Koonce Taneya Y, Giuse Dario A, Williams Annette M, Blasingame Mallory N, Krump Poppy A, Su Jing, Giuse Nunzia B
Center for Knowledge Management, Vanderbilt University Medical Center, Nashville, TN, United States.
Department of Biomedical Informatics, Vanderbilt University School of Medicine, Vanderbilt University Medical Center, Nashville, TN, United States.
JMIR Med Inform. 2024 Jan 30;12:e53516. doi: 10.2196/53516.

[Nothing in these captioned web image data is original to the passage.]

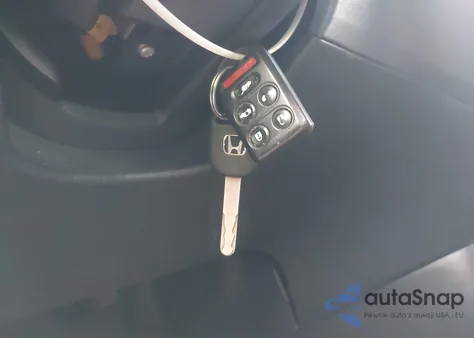 2006 Honda Odyssey Touring z USA, uszkodzony, nr VIN 5FNRL388X6B511767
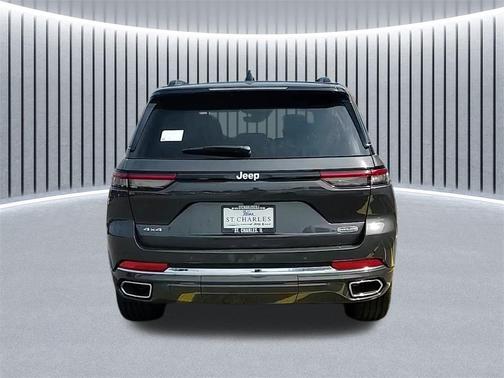 2025 Jeep Grand Cherokee Overland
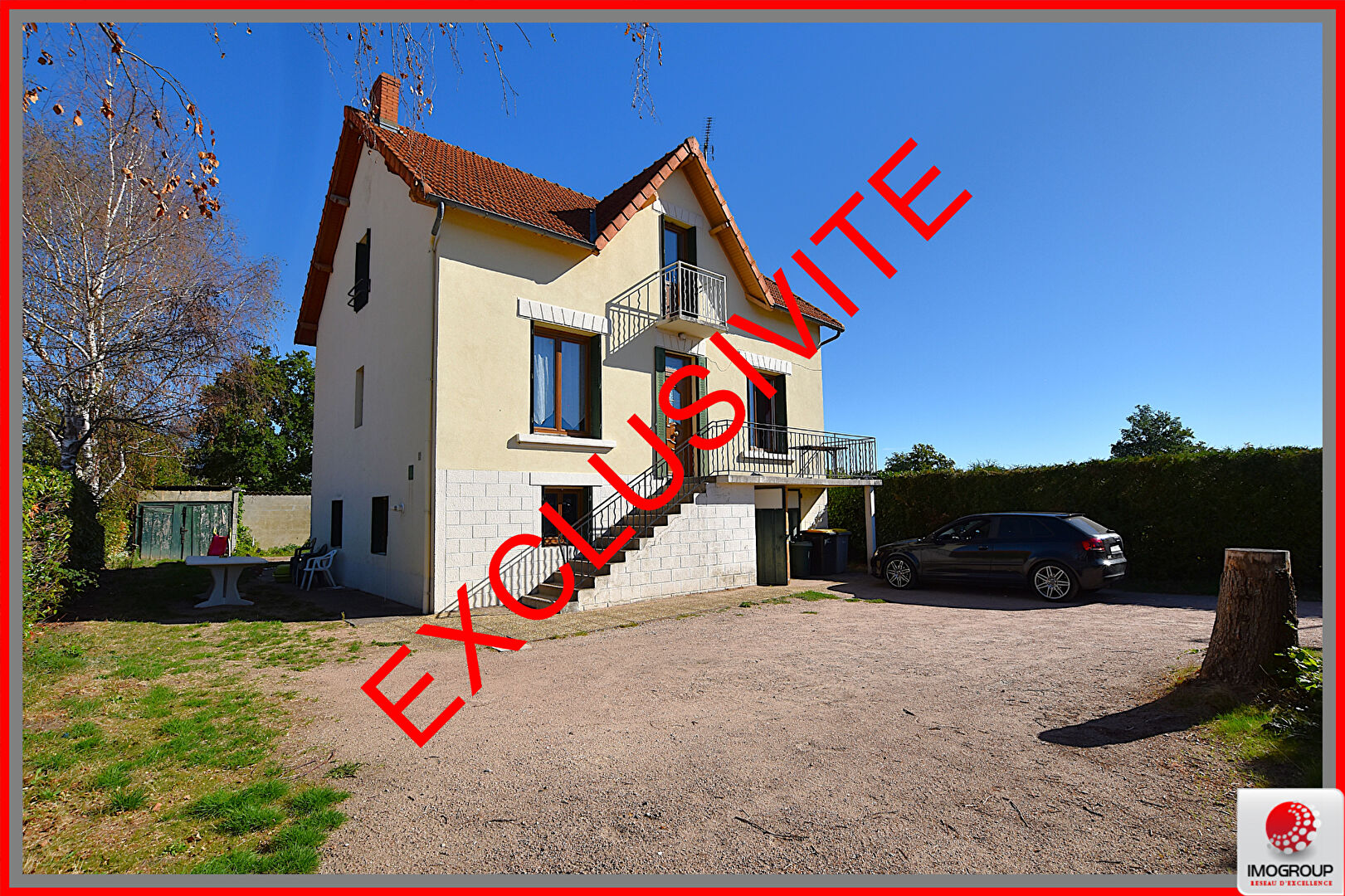 Maison 5 pièces 123 m² · à Lapalisse · 123 m² · 151 000 €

Implementing artificial intelligence to extract insights from large, real-world clinical data sets can supplement and enhance knowledge management efforts for health sciences research and clinical care. At Vanderbilt University Medical Center (VUMC), the in-house developed Word Cloud natural language processing system extracts coded concepts from patient records in VUMC's electronic health record repository using the Unified Medical Language System terminology. Through this process, the Word Cloud extracts the most prominent concepts found in the clinical documentation of a specific patient or population. The Word Cloud provides added value for clinical care decision-making and research. This viewpoint paper describes a use case for how the VUMC Center for Knowledge Management leverages the condition-disease associations represented by the Word Cloud to aid in the knowledge generation needed to inform the interpretation of phenome-wide association studies.
应用人工智能从大规模真实世界临床数据集中提取见解,可以补充和加强健康科学研究与临床护理的知识管理工作。在范德堡大学医学中心(VUMC),内部开发的词云自然语言处理系统使用统一医学语言系统术语,从VUMC电子健康记录存储库中的患者记录中提取编码概念。通过这个过程,词云提取特定患者或人群临床文档中最突出的概念。词云为临床护理决策和研究提供了附加价值。这篇观点论文描述了一个用例,即VUMC知识管理中心如何利用词云所代表的病症-疾病关联,来辅助生成解读全表型关联研究所需的知识。